Published on July 22nd, 2012 | by Adam Johnston3
Ball State Geothermal Project Enters Stage Two
The project, which began in 2009, intends to replace four coal-fired boilers along with two smoke stacks. During phase one of construction, the North District Energy station was built, along with two geothermal energy fields, while connecting north-end buildings to the new system. After the first phase of construction, almost half of the Indiana-based campus now receives heating and cooling from the new geothermal system.

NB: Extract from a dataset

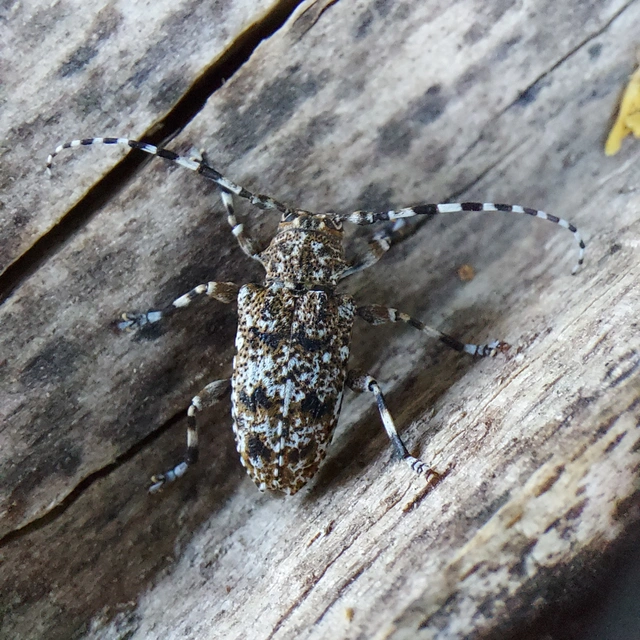 Aegomorphus clavipes - tarka cincér Aegomorphus clavipes - tarka cincér
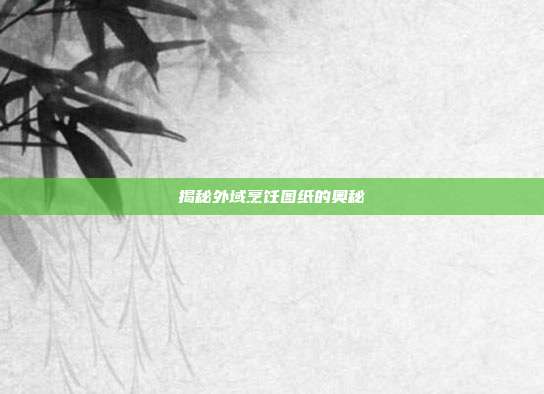 揭秘外域烹饪图纸的奥秘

Construction of the second phase will see 780 of the 1,800 remaining bore holes installed in a field on the south side of the campus. Construction of the project will carry on through the 2013-14 year, which will include a brand new District Energy Station South. The station will include 2,500 heat pump chillers, along with a hot water loop on the south side of the campus
The eventual goal is to link up 5.5 million square feet of geothermal heating and cooling across Ball State University.

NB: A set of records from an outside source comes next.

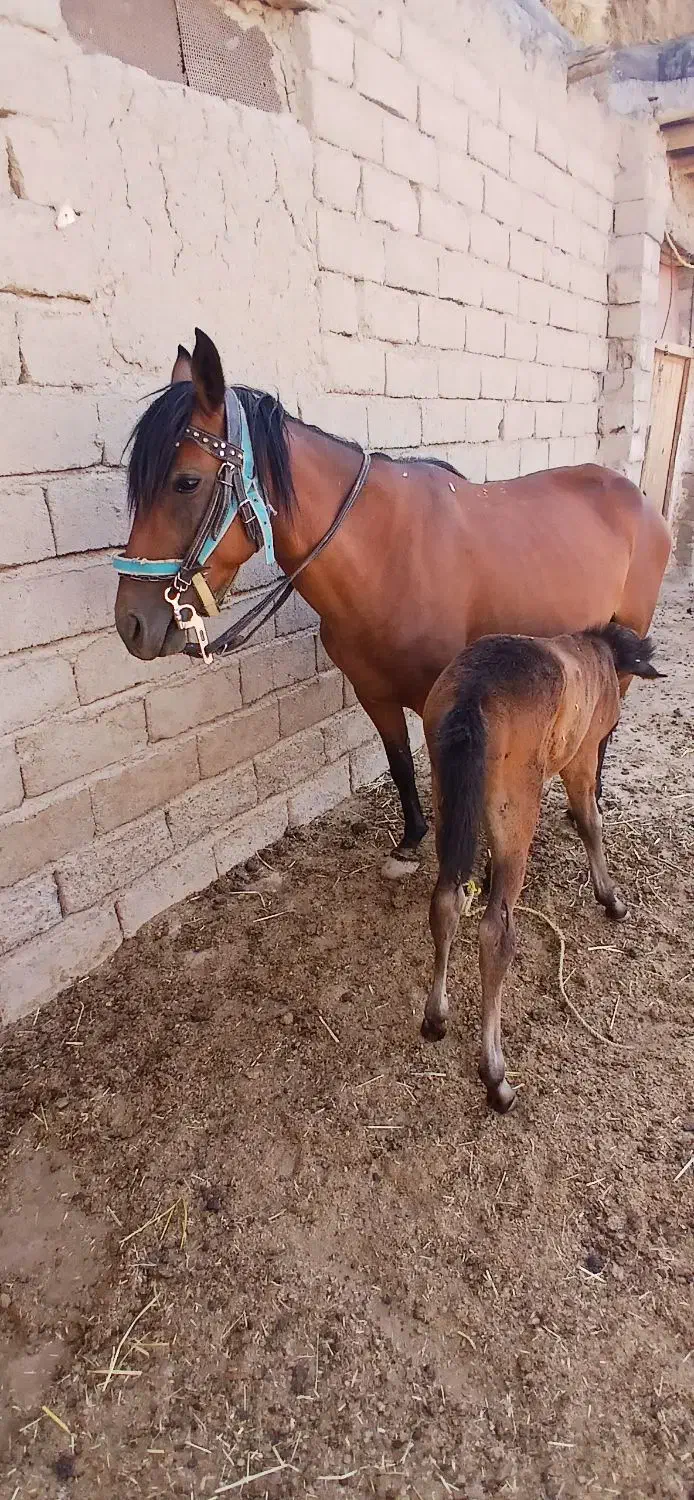 اسب|اسب و تجهیزات اسبسواری|درگز, |دیوار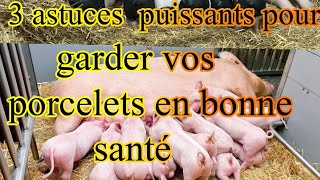 Garder vos 🐷 porcs en bonne santé  voici les astuces [upl. by Deana912]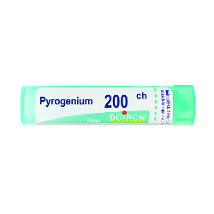PYROGENIUM 200CH GRANULI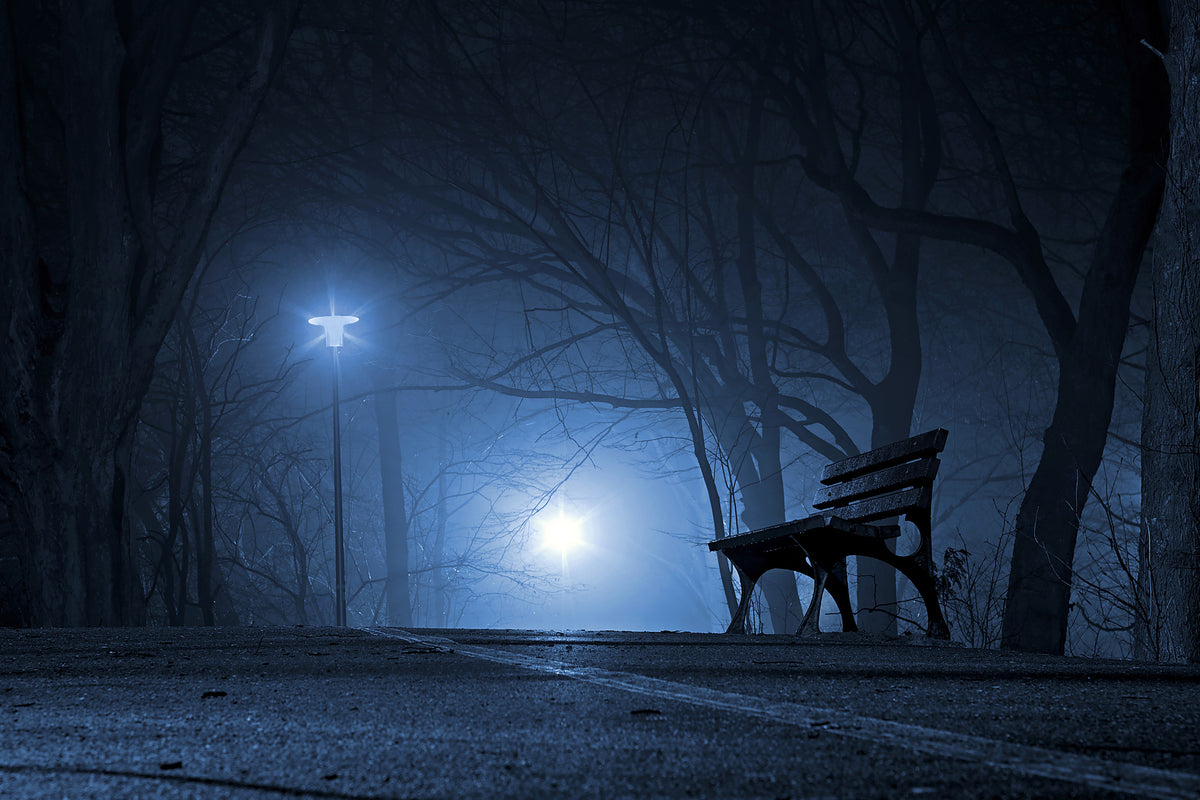 poster-print-at-night-in-the-park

The project has been a boon to supporting renewable jobs in the state of Indiana, creating 2,300 indirect and direct jobs, according to Ball State’s Center for Business and Economic Research.
Both federal and state financing helped fund the costs of the $50-million project. The US Department of Energy provided $5 million in stimulus money, while the Indian state government provided $45 million in capital funding for the project.

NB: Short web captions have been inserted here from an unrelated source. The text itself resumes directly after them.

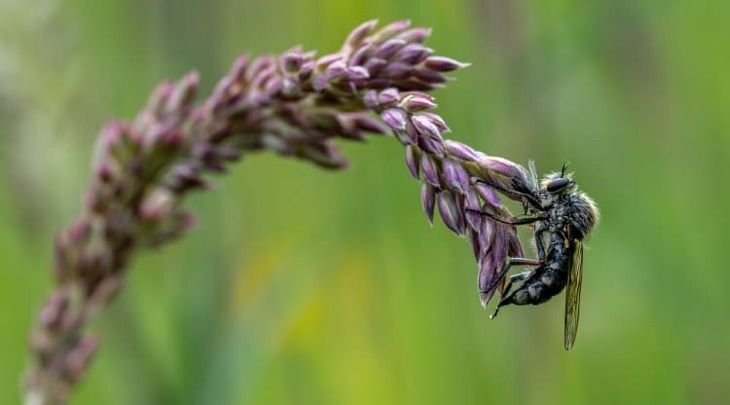 Royal Entomological Society photo contest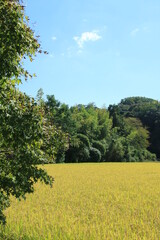 日本に原風景　黄色く色づいた稲穂と里の秋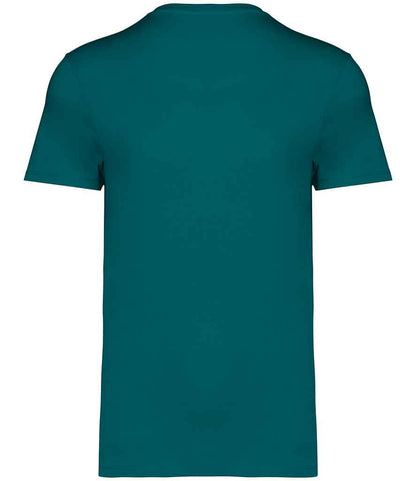 NS305 Peacock Green Back
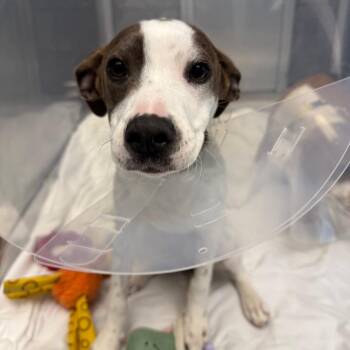 Terrier Dogs Available for Adoption - Gabriella | PetCurious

Increased costs of maintaining a fossil-fuel-based heating and cooling system, along with a more sustainable outlet, were some of the reasons for the switch.
“When costs began to escalate for the installation of a new fossil fuel burning boiler, the university began to evaluate other renewable energy options,” Jim Lowe, director of engineering, construction and operations, said in a statement.
“This led to the decision to convert the campus to a more efficient geothermal-based heating and cooling system.”
The school expects to save $2 million in operating costs, while cutting carbon emissions on the campus by nearly 50%, thanks to the conversion to geothermal.